June 15th, 2017
マウス卵母細胞のマイクロインジェクションは、古典的なトランスジェネシス( すなわち、トランスジーンのランダム組込み)およびCRISPR媒介遺伝子ターゲティングの両方に一般的に使用される。このプロトコールは、マイクロインジェクションの最新動向をレビューし、特に品質管理とジェノタイピング戦略を重視しています。
このプロトコルの全体的な目標は、卵子のマイクロインジェクションによる遺伝子組み換えマウスの作製を成功させるために必要な手順を説明することです。このプロトコールは、マウスの創生の分野だけでなく、遺伝子の標的化にも関与する研究者や技術スタッフに役立ちます。この技術の主な利点は、ランダムインテグレーションだけでなく、遺伝子ターゲティングのためにマウス卵子の直接注入に依存していることであり、わずか6週間で遺伝子組み換えマウスを作製できます。
単一のガイドRNAを調製するには、所望の2つの標的配列を選択し、テキストプロトコールに従ってプライマーを作製した後、PX330プラスミドをヌクレアーゼフリー水で1マイクロリットルあたり10ナノグラムに希釈することにより、線状DNAテンプレートを合成します。マスターミックスを調製し、最後にポリメラーゼを加え、氷の上に保ちます。次に、溶液を混合して8本のPCRチューブに分割します。
チューブごとに1マイクロリットルのPXR330を追加し、次のプログラムを実行します。次に、PCR精製キット、マニホールド、真空源を使用してPCR産物を精製します。PCRサンプルの1容量に5容量の結合バッファーを加えて混合します。
シリコンメンブレンスピンカラムをマニホールドに載せます。DNAを結合するには、8つのサンプルすべてを真空中でカラムに適用します。サンプルを洗浄するには、0.75ミリリットルの洗浄バッファーをカラムと真空剤に加えます。

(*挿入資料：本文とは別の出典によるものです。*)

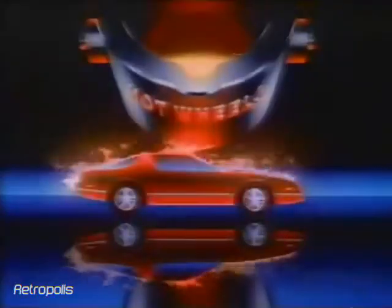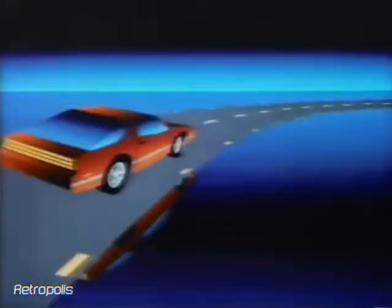Born in fire, formed in flames, Hot Wheels breaks new barriers.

次に、カラムを12, 000倍Gで60秒間遠心分離し、残留エタノールを除去します。カラムを清潔な 1.5 mL のマイクロ遠心チューブに入れ、DNA を溶出するために、メンブレンの中心に 30 μL のヌクレアーゼフリー水を加えます。カラムを1分間放置し、Gを12,000回60秒間遠心分離します。
次に、分光光度計を使用してDNA濃度を測定します。t7 RNA合成キットを使用してin vitro転写を行うには、マスターミックスを調製し、反応を摂氏37度のサーモサイクラーで3時間インキュベートします。28マイクロリットルのヌクレアーゼ遊離水と2マイクロリットルのDNAse oneを加え、さらに15分間反応をインキュベートします。

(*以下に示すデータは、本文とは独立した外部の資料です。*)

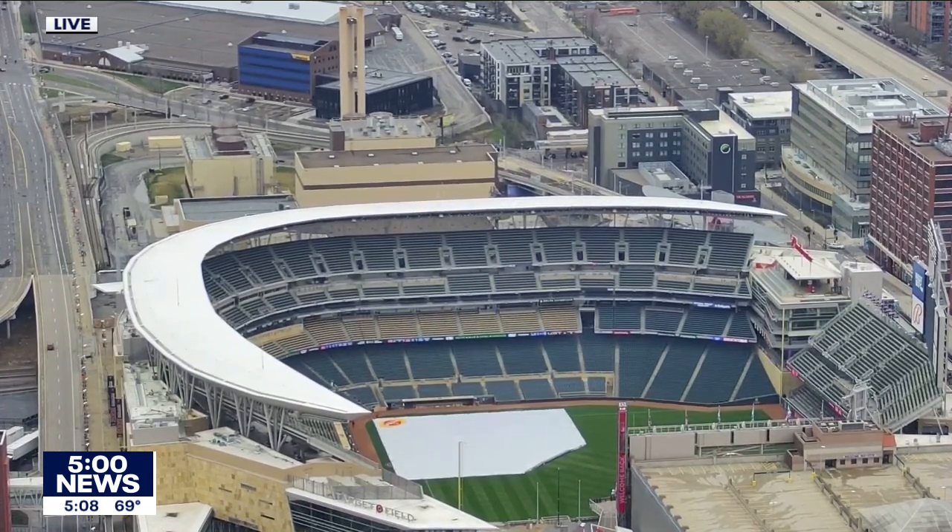We'll be back again for this home opener, as will about a quarter capacity of the stadium. One other change worth mentioning is the bag policy — severely limited this year. You can't bring in bags other than diaper bags, medically necessary bags like insulin kits, or a very small clutch-type handbag. The reason is they don't want security searching anything because they don't want to touch anything, so that's another change to keep things as safe as possible.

RNAを精製するには、付属のスピンカラムに含まれる粉末と650マイクロリットルのヌクレアーゼフリーマイクロインジェクションバッファーを溶解します。すべての気泡を慎重に取り除き、チューブにキャップをし、溶液を室温で5〜15分間水和させます。下部の青いキャップを取り外し、カラムを2ミリリットルのチューブに入れます。
次に、チューブをGの750倍で室温で2分間遠心分離します。次に、カラムを新しい1.5ミリリットルのチューブに入れ、カラム壁に触れずに、50マイクロリットルのRNA溶液を中心に向かって慎重に塗布します。その後、カラムをGの750倍で2分間回転させます。
RNA濃度を測定し、テキストプロトコルに従ってRNAの品質を評価します。ヌクレアーゼフリーマイクロインジェクションバッファーを使用して、ケース9 mRNAを50ナノグラム/マイクロリットルに希釈し、sgRNAを1マイクロリットルあたり12.5ナノグラムに希釈して遺伝子ノックアウト実験を行います。ホモロジー直接修復に基づくゲノム編集のために、マイクロリットルあたり200ナノグラムの濃度でドナーテンプレートを添加し、氷上に保ちます。
吸引器のマウスピースを使用して、卵母細胞を4滴の新鮮なカゼインアミノ酸で洗います。そして、それらを鉱油で覆った最後の一滴のcasome eight mediumに移します。ランダム統合のためのプロ核注入を実行するには、実体顕微鏡下で、吸引器のマウスピースを使用して、約50個の卵をm2培地の滴に変換し、注入チャンバーとして使用される鉱油で覆います。
注入チャンバーを倒立顕微鏡に移し、受精卵子に数ピコリットルの注射混合物を注入します。注射が成功すると、前核が腫れます。遺伝子ターゲティングのための細胞質注射を行い、マウスピースを使用して約50個の卵を1ミリリットルあたり5マイクログラムのサイトカラシンBを含むカソームAの滴に移し、卵を摂氏37度および二酸化炭素5%で5分間インキュベートします。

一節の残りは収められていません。